Frédéric Chopin: Piano Sonata No. 2 in B-Flat Minor, Op. 35, “Funeral March” – III. Marche funèbre: Lento (Samson François, piano)
Erik Satie: Embryons desséchés – II. d’edriophthalma (Jan Kaspersen, piano)
Composer’s have also famously used national music and anthems, either in a way to pay homage to their home country, or in order to emphasise the setting of the work. Two famous examples include Puccini’s Madame Butterfly, which quotes the American national anthem; and Tchaikovsky’s “1812 Overture”, which quotes both the French and Russian national anthems; and which depicts the battle between both countries — it also includes the famous and often caricaturised canons.
Giacomo Puccini: Madama Butterfly – Act I: Dovunque al mondo (Pinkerton) (Fabio Armiliato, tenor; Citta Lirica Orchestra; Plácido Domingo, cond.)
Pyotr Il’yich Tchaikovsky: 1812 Festival Overture, Op. 49 (Academy of St. Martin in the Fields Orchestra; Neville Marriner, cond.)

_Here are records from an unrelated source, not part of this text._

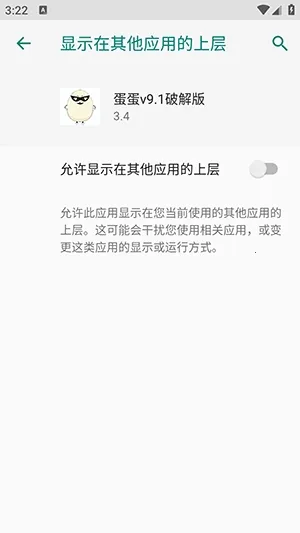 蛋蛋破解版最新手机版v3.4 安卓版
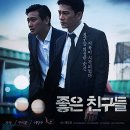 좋은친구들 이미지
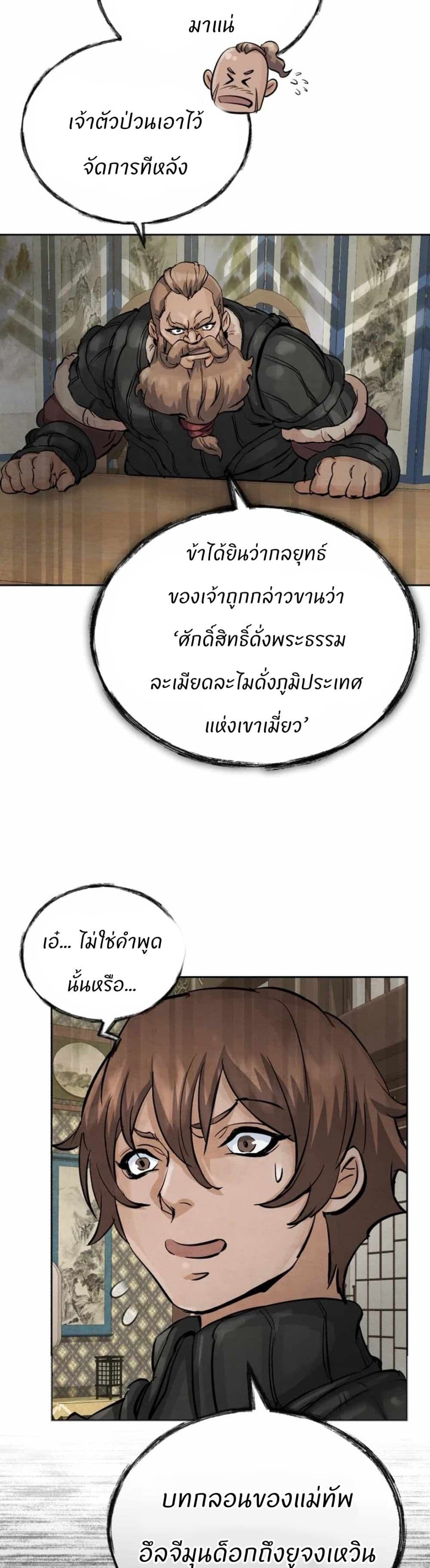 Record of a New Goguryeo page 36
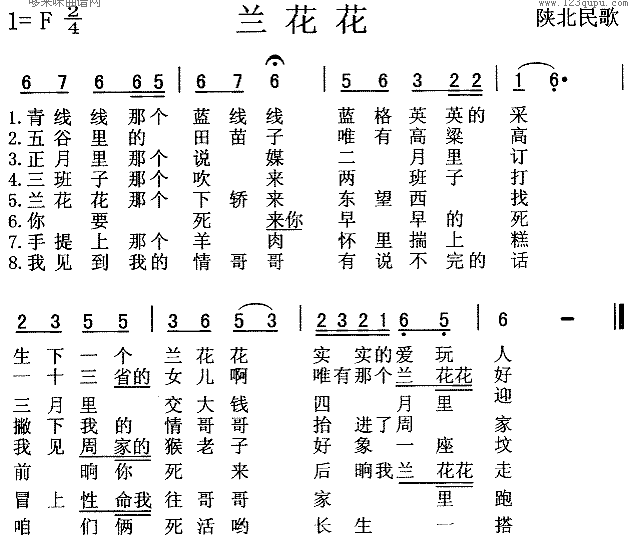 兰花花陕北民歌
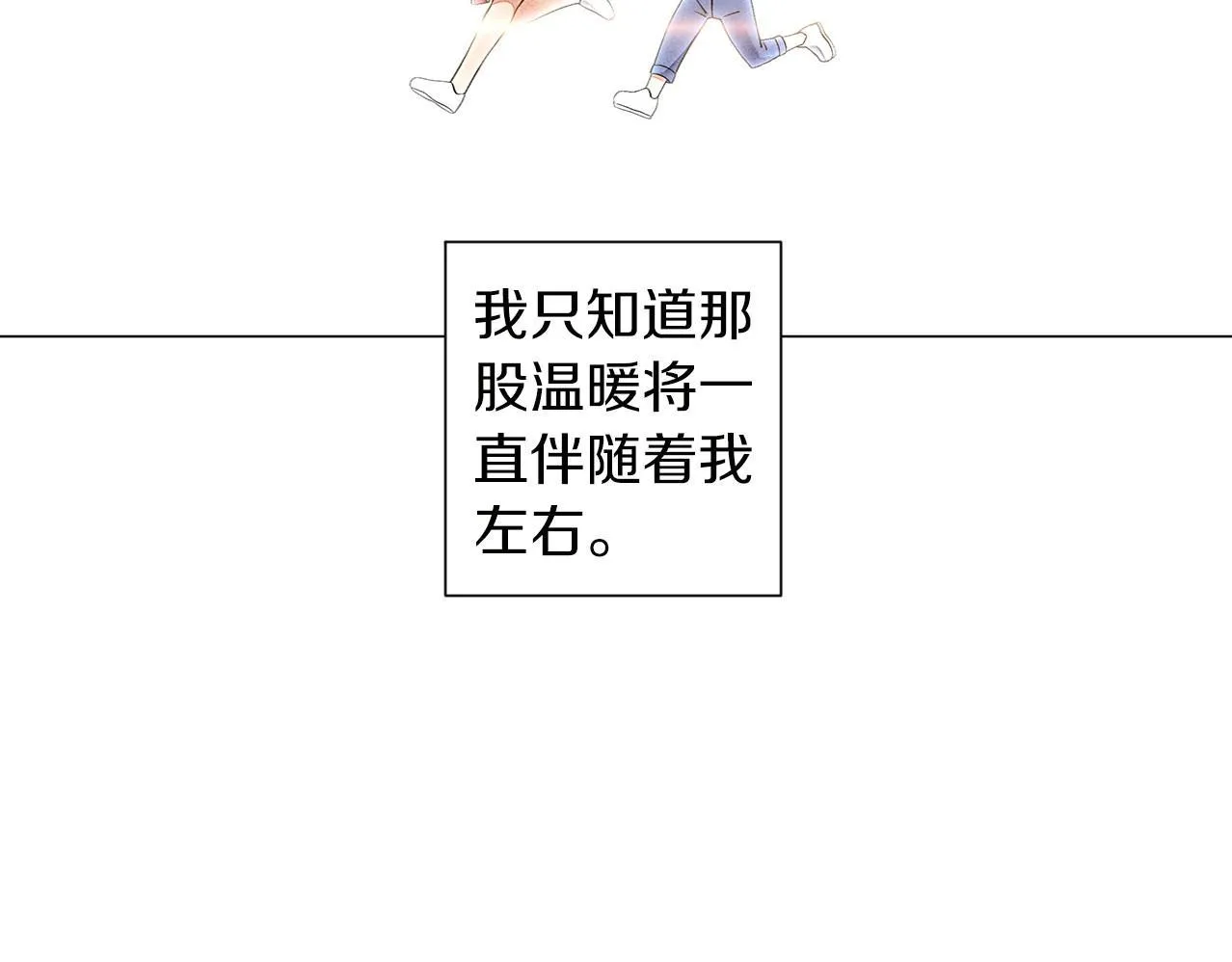第6话加东大学 第7页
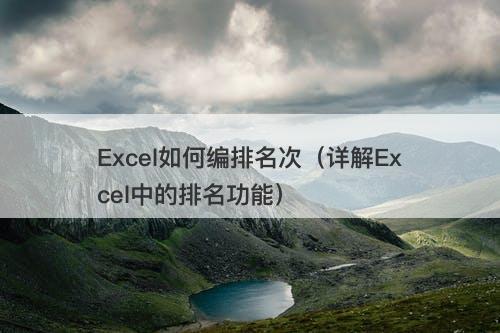Excel如何编排名次（详解Excel中的排名功能）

Quoting in music is common practice, and with a diversity of intentions. It is a habit that started many centuries ago and still remains today. Furthermore, the arrival of recorded music changed the way musicians and composers were able to cite each other. While the technique of quoting requires to re-contextualise the sentence, and bring some novelty to it — by changes of keys, instruments etc. —, recordings would allow the composer to directly reinsert another composer’s musical words. Through the process of copying and pasting, sampling was invented.
When used lazily, sampling can appear as a shortcut for musical creations. But when done the right way, this allows for great creativity. Take “A Fifth of Beethoven”, which takes the composer’s famous introductive bars to the symphony and creates a brand new piece of popular work. Or the example of Wagner’s Tristan und Isolde, which in Radiohead’s hands and treatments becomes a completely and almost unrecognisable piece of work in “Idioteque”.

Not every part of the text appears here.